Michel Pohl : Tout est parti d’un constat : les résultats des travaux scientifiques financés par l’argent public sont accessibles sur abonnement payant auprès d’éditeurs de journaux scientifiques. Avec des tarifs de plus en plus exubérants qui commencent à poser souci même dans les pays développés.

Anna Marenelly : Ce frein financier se double d’un problème éthique car la science est un bien commun qui doit être accessible à tous !

M. P. : De là sont nés différents mouvements pour « ouvrir » la science, qui ont ensuite pris diverses formes, comme les plans nationaux pour la science ouverte en France, dont le deuxième court jusqu’en 2024, ou les recommandations de l’Unesco en faveur de cette nouvelle façon de penser la science et son partage…

Quelle est la position de l’Inserm en la matière ?
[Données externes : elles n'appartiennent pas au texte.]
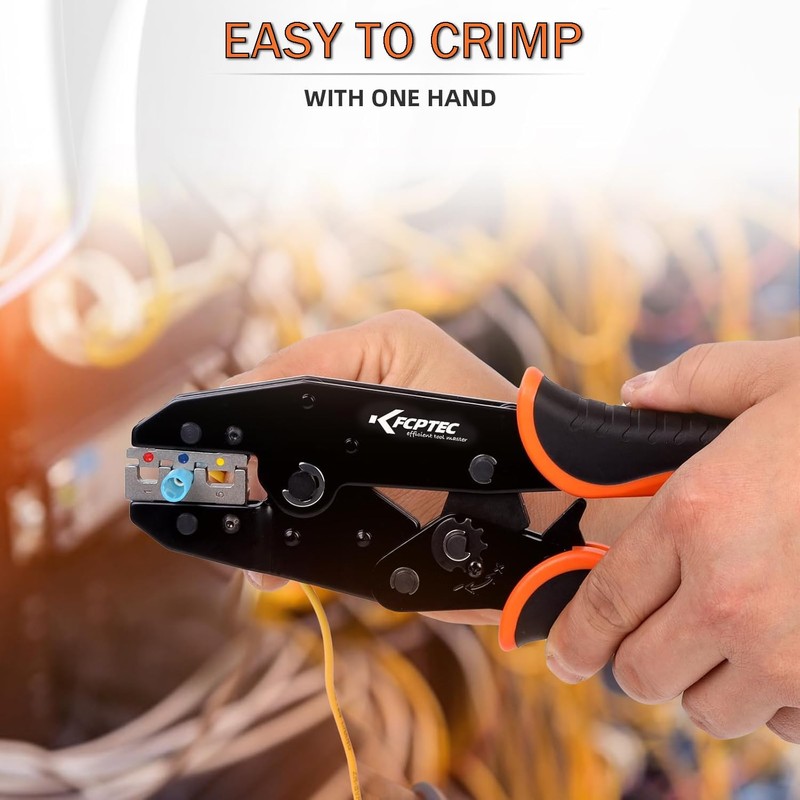 KF CPTEC Ratcheting Crimping Tool Kit 5PCS - Quick-Change Jaws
M. P. : L’Institut affiche une politique volontariste et s’inscrit avec force dans la dynamique nationale et internationale. Cette stratégie s’est concrétisée par la création en juillet 2023 d’un département de la Science ouverte. Il émane du service de l’Information scientifique et technique, historiquement rattaché à la Communication, mais il devenait essentiel de disposer d’une structure individualisée et visible dans le cadre de nos relations avec les instances nationales et par rapport aux chercheurs. S’il n’a pas été pionnier dans l’instauration d’une direction pleinement dédiée à la science ouverte, l’Inserm est désormais nettement au-dessus de la moyenne française en termes de taux de publications ouvertes.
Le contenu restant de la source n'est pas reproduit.